Dirigisme or dirigism (from French diriger, meaning “to direct”) is an economic system where the state exerts a strong directive influence over investment. It designates a capitalist economy with a strong directive, as opposed to a merely regulatory role for the state.

Everything is fine in this definition up to the point where it is claimed that the word refers specifically to a capitalist economy with a state proclivity for intervention. Now, the way the adjective “capitalist” is applied nowadays, I would certainly agree that “dirigiste” could describe some capitalist economies. As is often emphasized, Capitalism and Socialism are polar opposite platonic ideals that might be approached but never realized by any real-life economy. Instead, what we always experience are “mixed” economies with the state producing some things (even in the capitalist U.S., the government produces some transportation infrastructure and provides some educational services for children), and a free-market producing other things (even in Soviet Russia, some food was produced by private farmers). As a consequence, when we apply the words “socialist” and “capitalist” to any real economy, we can only mean the economy more closely approaches one platonic ideal or the other. In this way we might well see a dirigiste capitalism, although it would be a very bastardized version of capitalism.

A much better definition of dirigisme is provided by the Encyclopedia Brittanica on their website.

Dirigismean approach to economic development emphasizing the positive role of state intervention. The term dirigisme is derived from the French word diriger (“to direct”), which signifies the control of economic activity by the state. Preventing market failure was the basic rationale of this approach.
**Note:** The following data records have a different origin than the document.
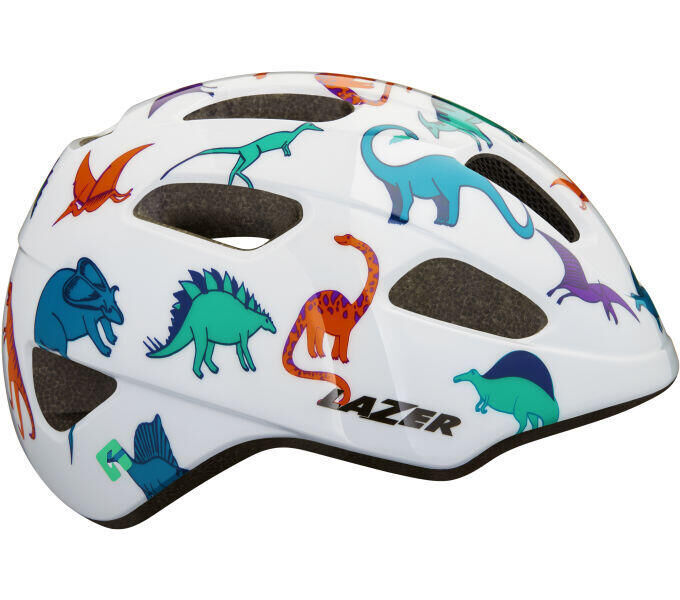 LAZER Lazer PNut KinetiCore Cycle Helmet Uni-Size  Kids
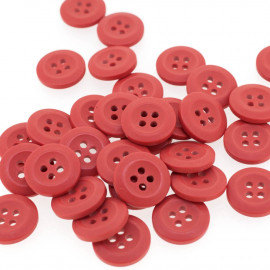 Bouton rond bitume dilué
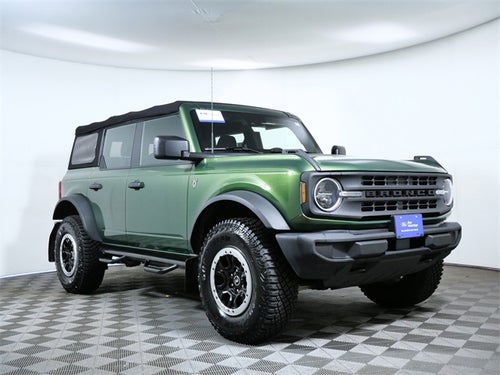 2022 Ford Bronco Base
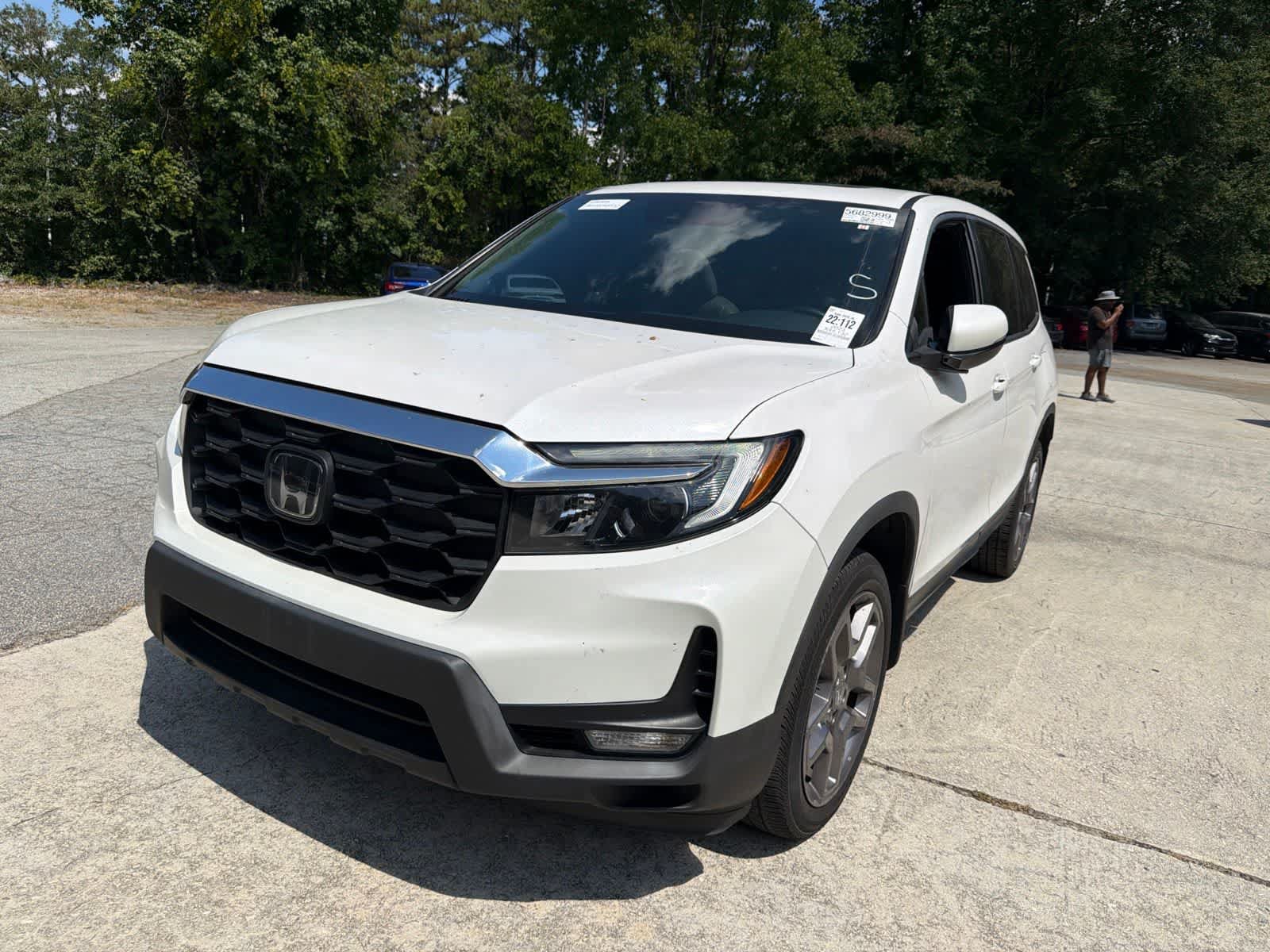 Certified 2023 Honda Passport EX-L image 1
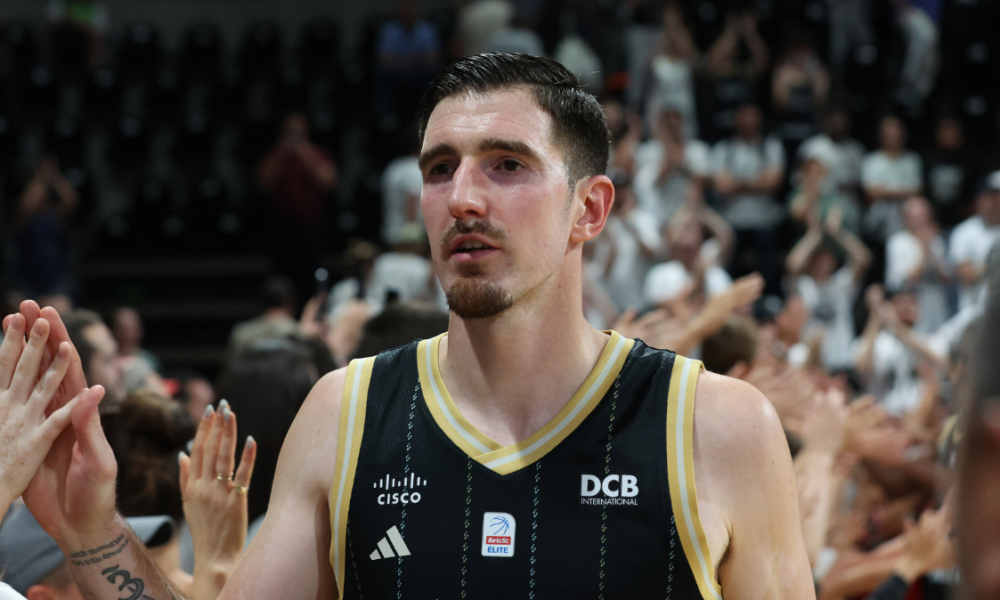 Betclic Élite 2025/2026 (J1) : L'ASVEL cartonne un Nancy diminué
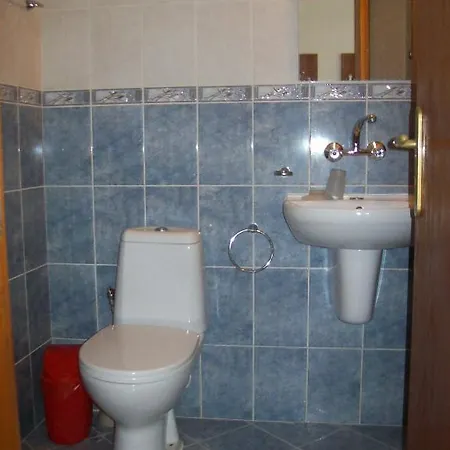 Casa de hóspedes Fossa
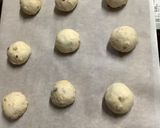 胡桃＆レーズン入ってる♡米粉入り丸パン作り方2写真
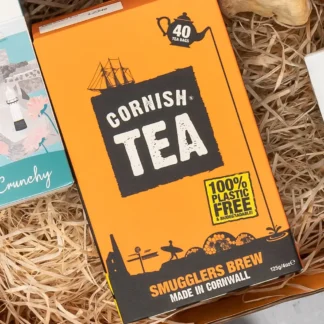 Cornish Tea, smugglers brew made in Cornwall - The Cornish Hamper Store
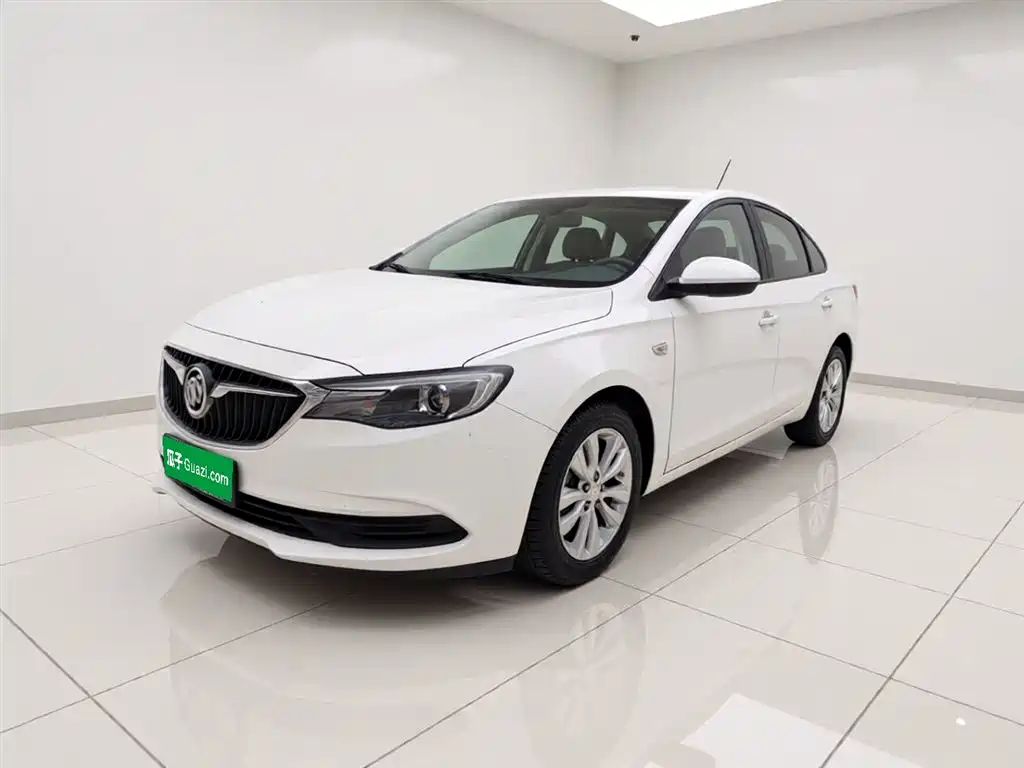 Buick Excelle 2021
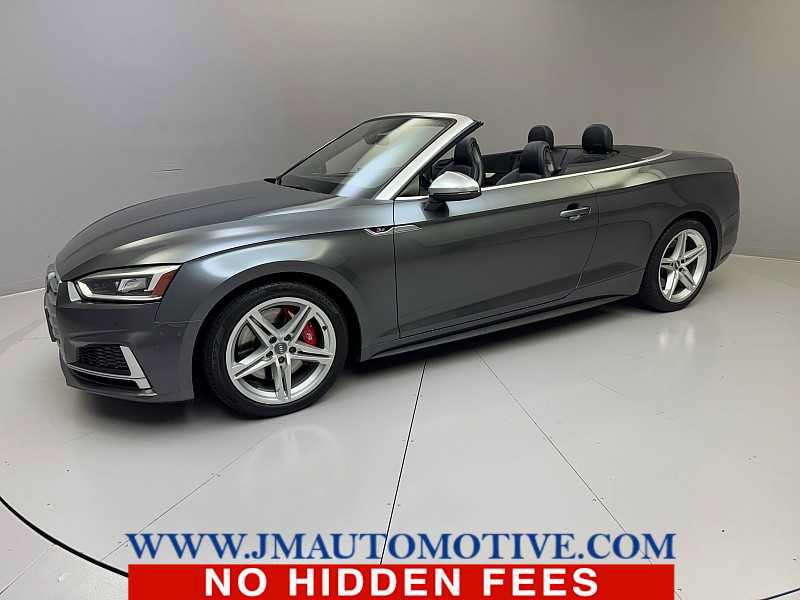 Used 2018 Audi S5 Premium Plus w/ Navigation Package AWD/4WD image 1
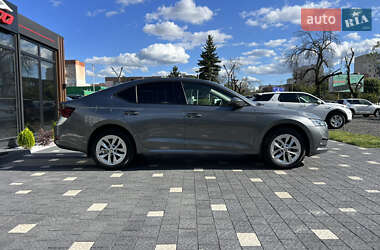 Лифтбек Skoda Octavia 2023 в 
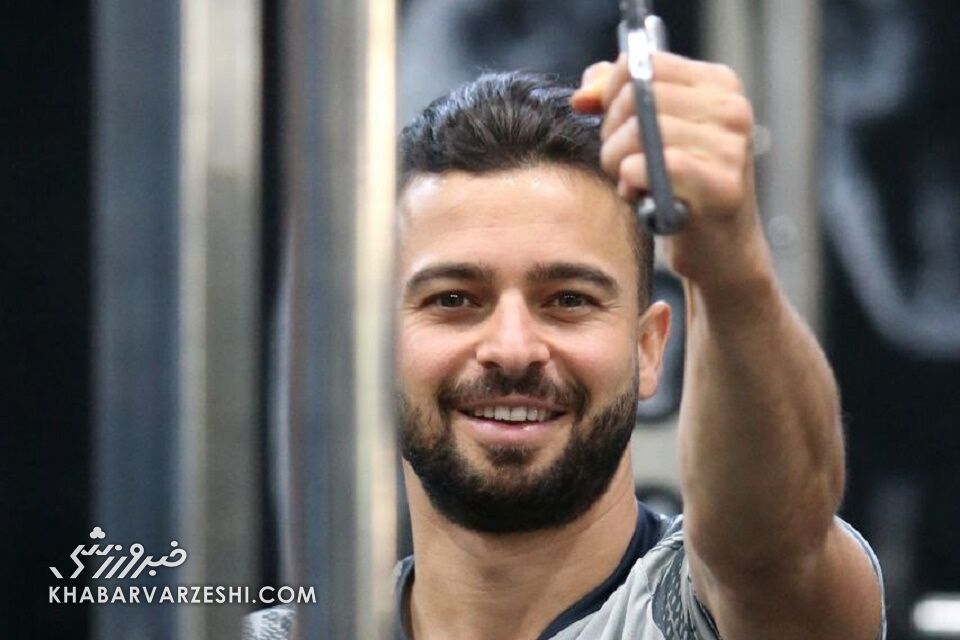 ویدیو| رونمایی جذاب باشگاه پرسپولیس از سروش رفیعی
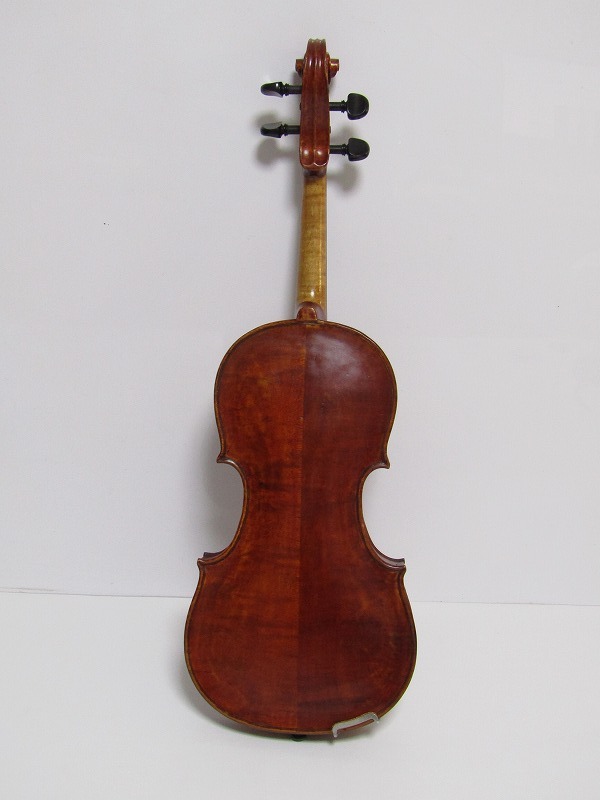 ドイツ製 バイオリン 4/4 Joh Tenzei イエローニス 1920年頃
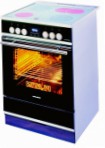Kaiser HC 61062NK Geo štedilnik, Vrsta pečice: električni, Vrsta kuhališča: električni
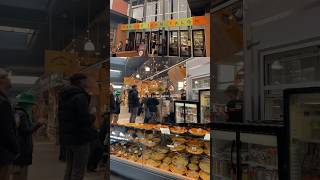 jean talon market montreal montrealyoutubeshortsexplorepageautumncanadacatmarketquebeccalm [upl. by Natsrik906]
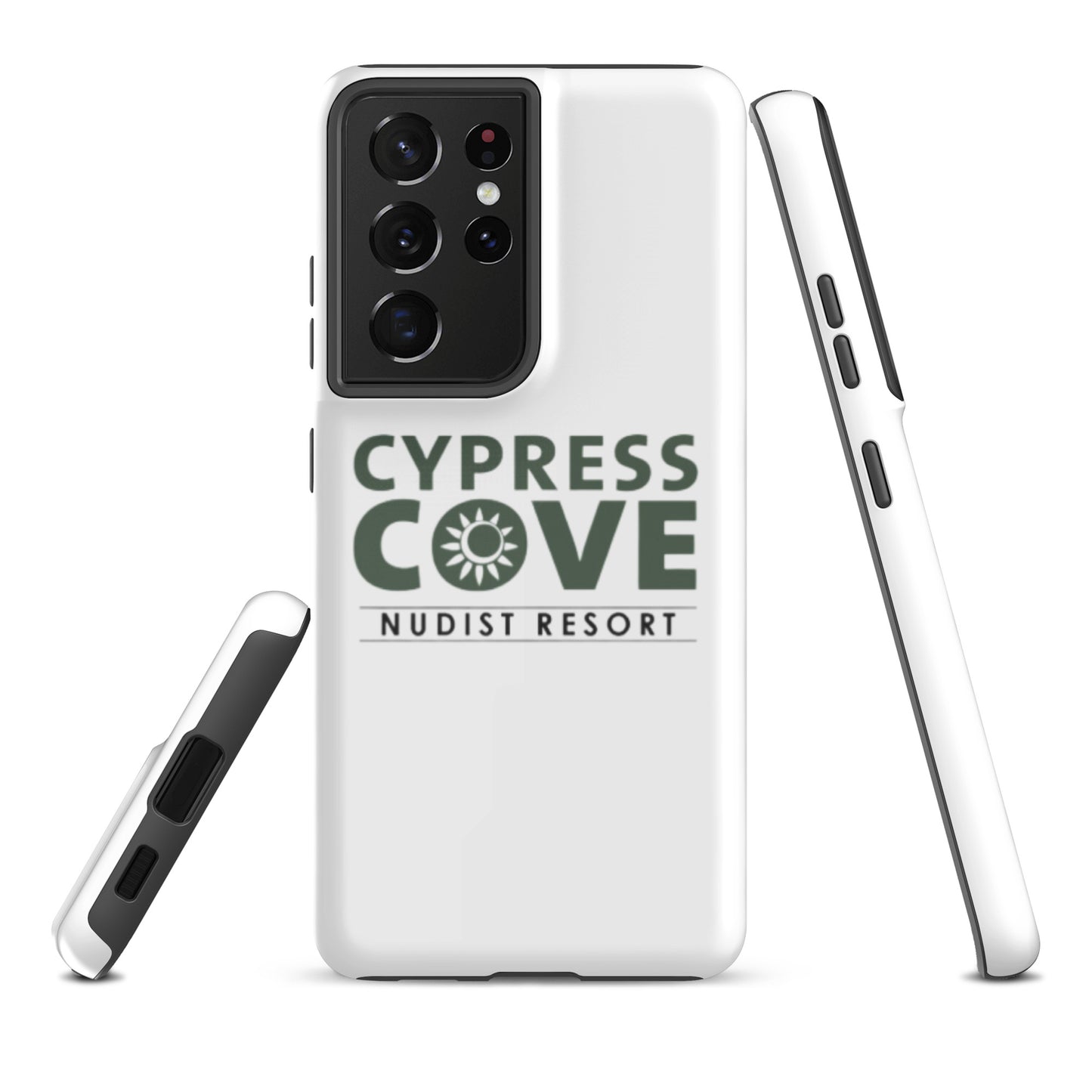 Cypress Cove Tough case for Samsung®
Dirigisme was introduced in France following World War II to promote industrialization and protect against foreign competition, and it was subsequently mimicked in East Asia. Dirigiste policies often include centralized economic planning, directing investment, controlling wages and prices, and supervising labour markets.

The farther you get into the Encyclopedia Brittannica’s description, the less capitalist a dirigiste economy sounds!

Why Are People Persuaded of the Goodness and Efficacy of Dirigisme?

So, why would perfectly intelligent people be convinced that a government must deeply intrude into the economy to maintain its health and ensure the distribution of its fruits to all? More than that, why would most of the educated people in the world believe in this? It is not as if history provides a lot of positive examples of dirigiste influence on economies. Certainly, there is no such evidence in the collapse of communist socialism under the Soviet Union and Eastern Europe.  Nor is there any in the almost non-existent economic growth of India or China before they began substantial free-market reforms. To rub the message in a bit more, consider the scatter plot below of per capita GDP in 2014 of all the world’s nations plotted against their index of economic freedom. The precise way in which this index is constructed is reviewed in the post A Closer Look at the Index of Economic Freedom, but suffice it to say the larger a country’s index is, the less its government intrudes into the country’s economy. The larger a country’s index of economic freedom, the more freedom that country’s free-market has from government dictates. As you can see below, a country’s per capita GDP does not get respectably large until its index of economic freedom gets at least above 60, and really does not take off until the index is above 70,

Country Per Capita GDP vs. the WSJ/Heritage Foundation Index of Economic Freedom for 178 countries.

Country Per Capita GDP vs. the WSJ/Heritage Foundation Index of Economic Freedom for 178 countries. GDP Data courtesy of the World Bank.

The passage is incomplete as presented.